__Assignment__.
From the first line to the last, repeat the data exactly and drop the pictures.

#### Dataset records ####

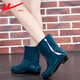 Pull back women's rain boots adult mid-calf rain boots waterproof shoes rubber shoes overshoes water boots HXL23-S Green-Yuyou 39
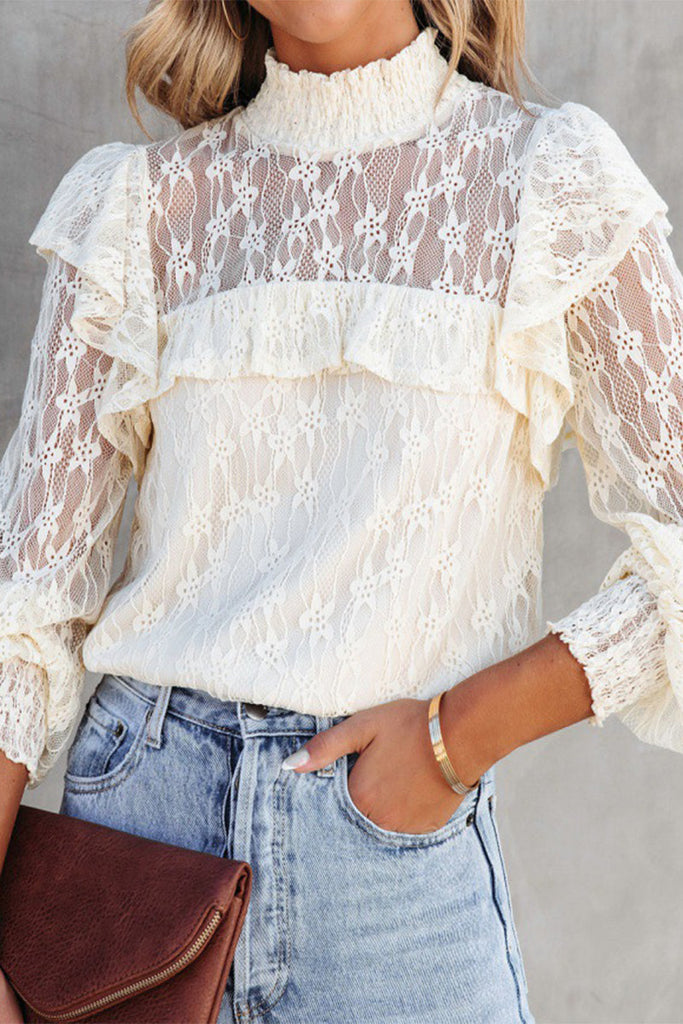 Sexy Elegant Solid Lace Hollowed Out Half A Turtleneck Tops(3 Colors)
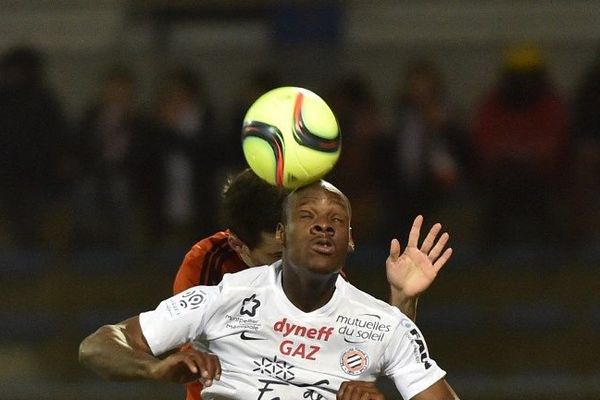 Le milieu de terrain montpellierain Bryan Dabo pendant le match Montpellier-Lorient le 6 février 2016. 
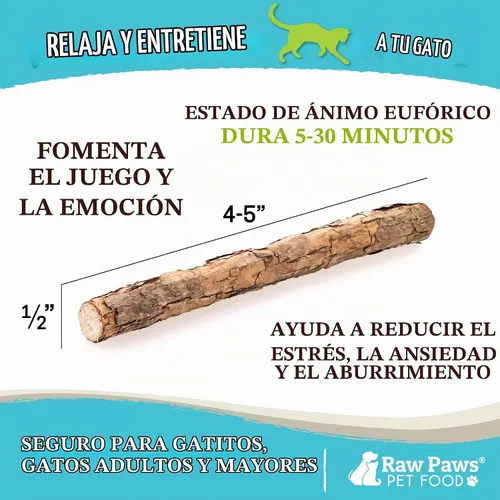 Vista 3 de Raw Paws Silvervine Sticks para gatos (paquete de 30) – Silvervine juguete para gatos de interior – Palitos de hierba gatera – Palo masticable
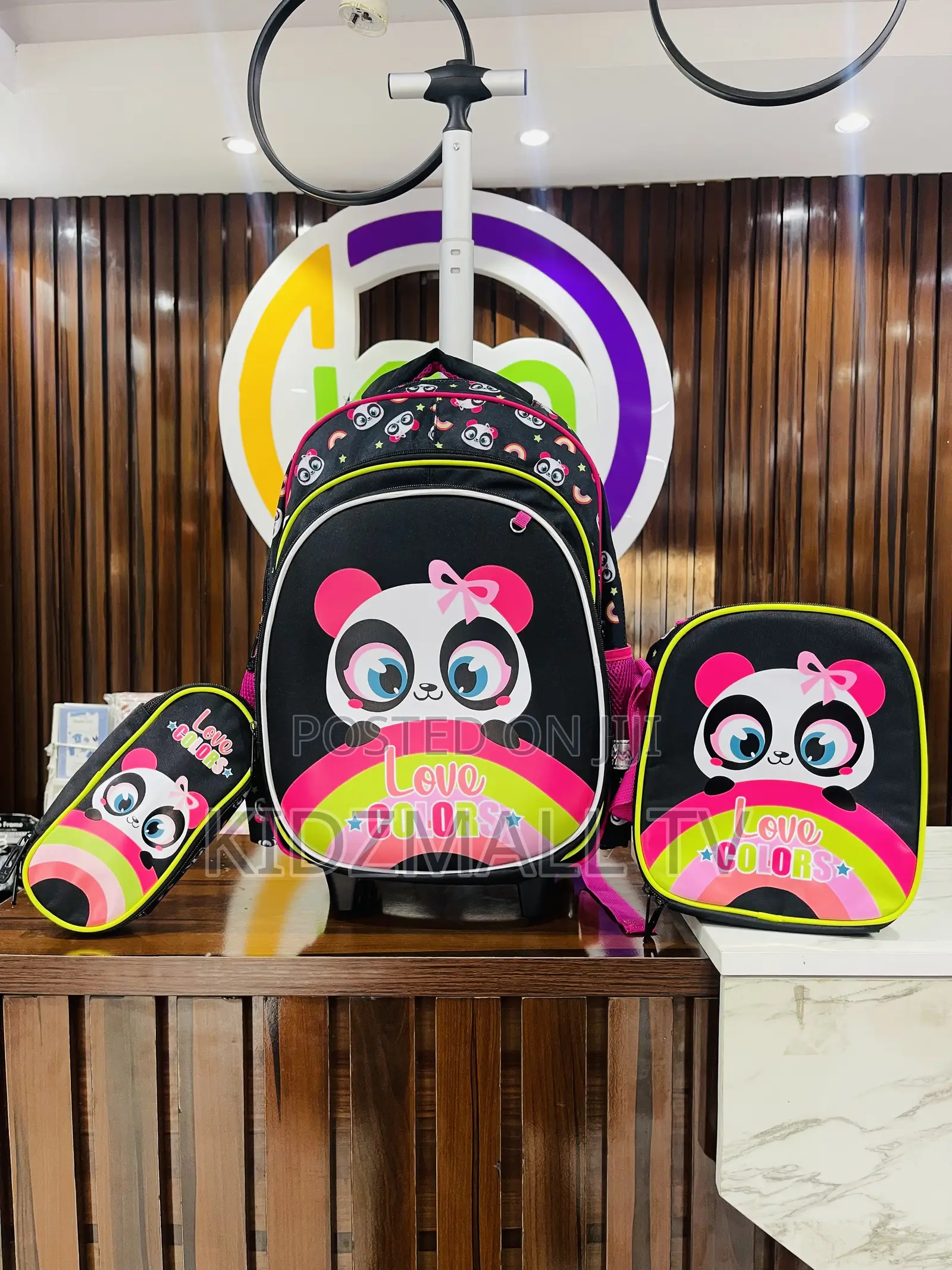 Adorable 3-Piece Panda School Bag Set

####

__Result__.
 Pull back women's rain boots adult mid-calf rain boots waterproof shoes rubber shoes overshoes water boots HXL23-S Green-Yuyou 39
 Sexy Elegant Solid Lace Hollowed Out Half A Turtleneck Tops(3 Colors)
 Le milieu de terrain montpellierain Bryan Dabo pendant le match Montpellier-Lorient le 6 février 2016. 
 Vista 3 de Raw Paws Silvervine Sticks para gatos (paquete de 30) – Silvervine juguete para gatos de interior – Palitos de hierba gatera – Palo masticable
 Adorable 3-Piece Panda School Bag Set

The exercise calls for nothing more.